A complete answer lists every line of the entries below where the string "Gold" appears.

┌──

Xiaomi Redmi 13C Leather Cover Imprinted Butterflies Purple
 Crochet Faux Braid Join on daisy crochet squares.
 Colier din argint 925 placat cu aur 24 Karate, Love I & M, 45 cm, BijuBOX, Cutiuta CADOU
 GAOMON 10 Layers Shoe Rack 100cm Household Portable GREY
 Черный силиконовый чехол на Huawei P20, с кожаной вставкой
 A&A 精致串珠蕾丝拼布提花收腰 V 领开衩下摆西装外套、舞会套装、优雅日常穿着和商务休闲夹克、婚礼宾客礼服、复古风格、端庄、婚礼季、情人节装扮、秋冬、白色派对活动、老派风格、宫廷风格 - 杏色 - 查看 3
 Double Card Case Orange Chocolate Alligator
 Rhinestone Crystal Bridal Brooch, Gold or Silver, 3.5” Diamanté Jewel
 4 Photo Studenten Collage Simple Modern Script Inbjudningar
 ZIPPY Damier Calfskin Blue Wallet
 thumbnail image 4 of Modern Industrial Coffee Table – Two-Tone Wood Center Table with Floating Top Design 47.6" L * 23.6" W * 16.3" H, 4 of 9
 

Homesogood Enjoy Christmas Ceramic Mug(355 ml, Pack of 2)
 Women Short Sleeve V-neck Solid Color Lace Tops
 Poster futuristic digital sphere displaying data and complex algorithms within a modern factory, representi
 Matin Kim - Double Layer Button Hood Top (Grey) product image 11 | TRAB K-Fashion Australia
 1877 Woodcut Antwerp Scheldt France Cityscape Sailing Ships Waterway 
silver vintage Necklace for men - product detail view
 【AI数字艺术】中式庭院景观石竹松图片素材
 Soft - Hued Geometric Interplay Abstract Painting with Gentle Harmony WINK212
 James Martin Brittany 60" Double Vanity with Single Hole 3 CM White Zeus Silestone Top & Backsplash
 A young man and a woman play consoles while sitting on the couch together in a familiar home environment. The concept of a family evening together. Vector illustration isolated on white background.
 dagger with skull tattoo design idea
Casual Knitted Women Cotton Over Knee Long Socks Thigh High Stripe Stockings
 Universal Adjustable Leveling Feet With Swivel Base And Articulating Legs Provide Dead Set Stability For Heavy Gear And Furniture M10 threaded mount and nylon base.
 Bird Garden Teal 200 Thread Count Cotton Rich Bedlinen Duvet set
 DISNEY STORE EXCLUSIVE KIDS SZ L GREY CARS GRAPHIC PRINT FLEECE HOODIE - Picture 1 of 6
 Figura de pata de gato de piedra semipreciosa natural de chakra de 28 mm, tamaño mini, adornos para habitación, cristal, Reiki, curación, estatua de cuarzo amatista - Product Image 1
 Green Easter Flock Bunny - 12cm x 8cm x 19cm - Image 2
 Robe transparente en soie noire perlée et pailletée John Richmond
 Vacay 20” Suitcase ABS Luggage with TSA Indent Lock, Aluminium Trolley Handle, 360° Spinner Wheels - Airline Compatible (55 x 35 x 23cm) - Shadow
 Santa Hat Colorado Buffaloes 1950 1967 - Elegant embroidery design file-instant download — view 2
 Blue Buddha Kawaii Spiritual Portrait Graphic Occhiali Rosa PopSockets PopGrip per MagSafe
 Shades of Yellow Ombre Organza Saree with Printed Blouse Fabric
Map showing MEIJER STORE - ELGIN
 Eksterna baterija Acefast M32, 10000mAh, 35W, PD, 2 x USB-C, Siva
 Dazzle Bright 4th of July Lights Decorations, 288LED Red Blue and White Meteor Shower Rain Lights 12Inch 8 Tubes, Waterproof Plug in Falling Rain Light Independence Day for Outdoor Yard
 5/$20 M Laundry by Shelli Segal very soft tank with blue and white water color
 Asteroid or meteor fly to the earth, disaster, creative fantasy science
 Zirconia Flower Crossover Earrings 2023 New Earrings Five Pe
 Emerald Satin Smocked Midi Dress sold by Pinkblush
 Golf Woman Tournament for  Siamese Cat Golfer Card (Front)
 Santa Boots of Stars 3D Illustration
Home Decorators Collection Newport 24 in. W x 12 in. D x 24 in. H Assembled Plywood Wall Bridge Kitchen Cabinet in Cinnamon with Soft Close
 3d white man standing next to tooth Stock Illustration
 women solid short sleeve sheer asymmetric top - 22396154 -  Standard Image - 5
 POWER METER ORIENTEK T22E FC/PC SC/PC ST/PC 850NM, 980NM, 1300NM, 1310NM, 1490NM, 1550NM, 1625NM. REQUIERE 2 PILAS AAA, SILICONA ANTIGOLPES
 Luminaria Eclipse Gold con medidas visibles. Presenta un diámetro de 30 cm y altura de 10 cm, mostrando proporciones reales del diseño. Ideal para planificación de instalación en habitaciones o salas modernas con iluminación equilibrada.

└──

* Solution for this problem
 Rhinestone Crystal Bridal Brooch, Gold or Silver, 3.5” Diamanté Jewel
 Luminaria Eclipse Gold con medidas visibles. Presenta un diámetro de 30 cm y altura de 10 cm, mostrando proporciones reales del diseño. Ideal para planificación de instalación en habitaciones o salas modernas con iluminación equilibrada.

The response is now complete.